Sarah Cooper, senior, leads plans to brighten Youth Villages with colorful mural

Astounded by the dull surroundings on a recent service project with the National Honors Society at the Clackamas River Campus of Youth Villages Oregon, Sarah Cooper, senior, saw a need for a change.

“There was no color,” Cooper said. “When you think of a playground, you think of bright colors, not just a lot of gray. As a kid, I always loved all of the colors. I think colors and art can brighten a kid’s mood and just make things more fun.”

Members of the National Honors Society tended to the playground at Youth Villages, which provides residential treatment for children with serious emotional and behavioral problems. For their latest art-based service project they trimmed bushes, made a path out of wood chips, and filled sandboxes. While Cooper hauled sand in the pouring rain, she couldn’t help but think how depressing her surroundings were.

“I thought that if the Arts Honor Society could come and paint murals for the kids—add some color—it might be a bit happier,” Cooper said.

Cooper talked with other members, and they all agreed that a mural would be the perfect opportunity to service the community through art.

“It’s fabulous,” Diane Gauthier, Arts Honors Society adviser, said. “A remarkable opportunity, and we are looking forward to collaborating with Youth Villages.”

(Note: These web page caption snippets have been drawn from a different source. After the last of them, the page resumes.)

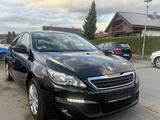 Peugeot 308 SW Active*NAVI*NEU*TÜV* KLIMA* PS110*AHK* - gebrauchte Peugeot 308 aus dem Jahr 2017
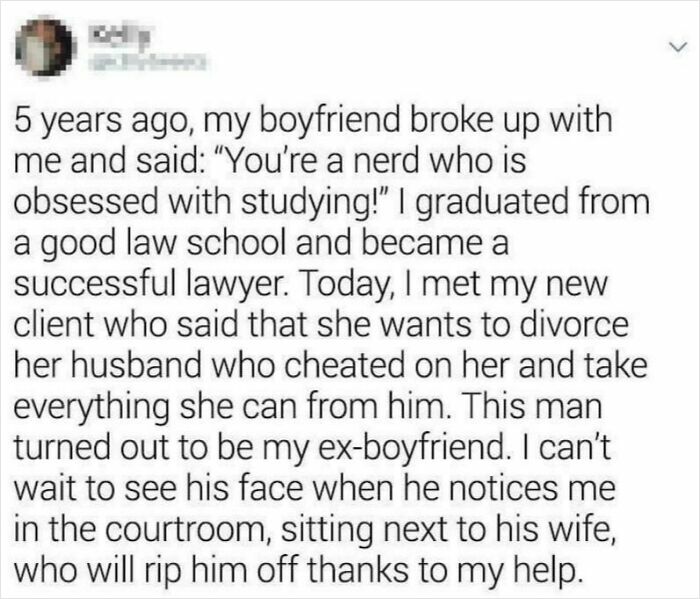 Screenshot of a cringy and sad story where an ex-boyfriend faces justice through his successful lawyer ex.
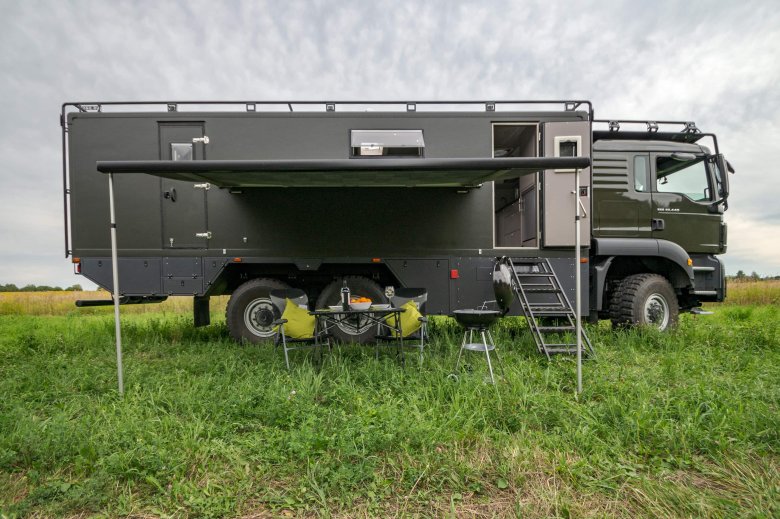 Большой автодом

Cooper and the Art Honors Society then communicated with Youth Villages administrators in an effort to move plans forward, and all signs point to this mural happening.

“We will hopefully be able to paint the mural in the spring. We still need to get the OK from one of the administrators at Youth Villages and figure out all of the details though,” Cooper said.

Cooper and many of her fellow members of Art Honors Society eagerly await the response from Youth Villages, hoping that they will get the chance to make a difference through artwork.

“I was thinking of making the mural a scene of kids playing outside, or even something like a rainbow. I just want it to make people stop and look, and hopefully brighten their day,” Cooper said.